Ça faisait longtemps que je n’avais pas fait une petite chronique ethnographique.

Une dame sexagénaire avec des couleurs vives d’automne (orange et marron) lit Le Figaro d’un air austère —ou hostile.

Personne ne l’y oblige pourtant.


Un type regarde son smartphone [1] et de temps en temps déclenche des vidéos. Vu son geste frénétique de bas en haut il doit regarder une timeline, sur un Facebook quelconque.

Les vidéos sont jouées à plein tube. D’abord un bruit qui ressemble au klaxon continu d’un train. Puis quelques secondes plus tard le son est coupé : l’homme a fait un peu défiler la page.

Puis à nouveau un son puissant, et peut-être effectivement le fracas de roues sur les rails en arrière plan.

Et le manège se poursuit : encore des klaxons, puis des cris, des applaudissements. À un moment je pense à une fête, comme un méchoui.

Chaque son dure cinq secondes environ, juste assez pour bien te gêner, mais trop court pour que tu t’habitues à l’entendre comme un bruit de fond.

À chaque son, je me tourne vers lui, j’essaie d’attirer son attention (on est à deux mètres, ce n’est pas difficile). Il a forcément vu mon manège —silence je lis, bruit je lève la tête— mais ne bronche pas.

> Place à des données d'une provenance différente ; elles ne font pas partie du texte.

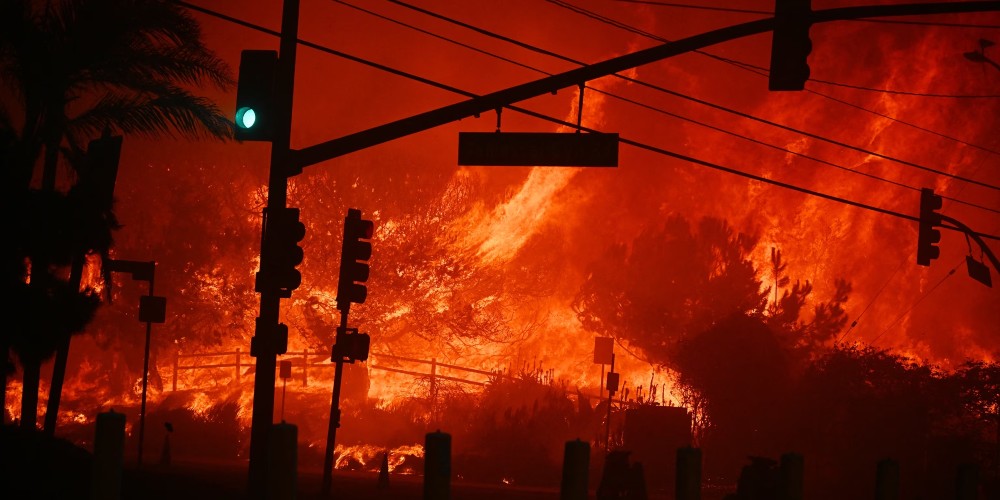 California Fires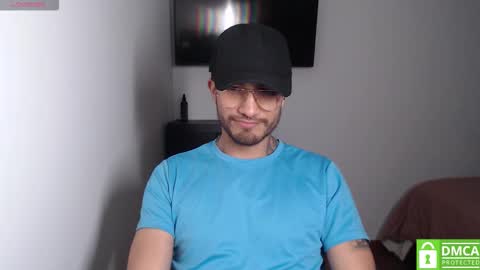 yoshy_man online show from March 21, 6:49 am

Je sais que la magie des transports en commun rend la probabilité qu’il coupe le son très faible si je lui demande. Alors je vais à l’autre bout du wagon ; je n’ai aucune envie de devoir expliquer le civisme ni d’en découdre s’il regimbe.

Comme on dit, ce sont les plus gênés qui s’en vont.

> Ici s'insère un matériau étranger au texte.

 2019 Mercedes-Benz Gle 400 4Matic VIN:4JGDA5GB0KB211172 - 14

Je commence le Journal d’un homme heureux de Philippe Delerm, qu’il écrivait quand j’apprenais à bloguer. Me revient l’envie de raconter des jolies choses.

Les petits bonheurs sont mis en sourdine quotidiennement par la fureur d’une époque en colère permanente.


Dans le train du retour, debout prêt à sortir, je vois les chemins qui sont blancs de l’eau qui reflète le ciel pâle de fin d’après-midi d’automne (oui, c’est souvent l’automne en mars en région parisienne).

Me revient l’expression de ma mère, « à blanc d’eau », utilisée quand il pleut tellement fort que l’eau rebondit sur le sol, ce qui crée une couche blanche un peu opaque de quelques centimètres. J’aime bien.

À la suite remontent dans mes souvenirs les bottes vertes (chez moi on dit toujours « les bottes de chasse »), les promenades embourbées, l’air juste légèrement piquant et frais, et qui sent le champignon. Et puis le RER arrive à destination, on repart marcher sur le bitume dans l’anonymat sérieux de la grisaille. Les bottes attendront, tant pis.

Notes

[1Il existe une traduction de smartphone que j’oublie à chaque fois.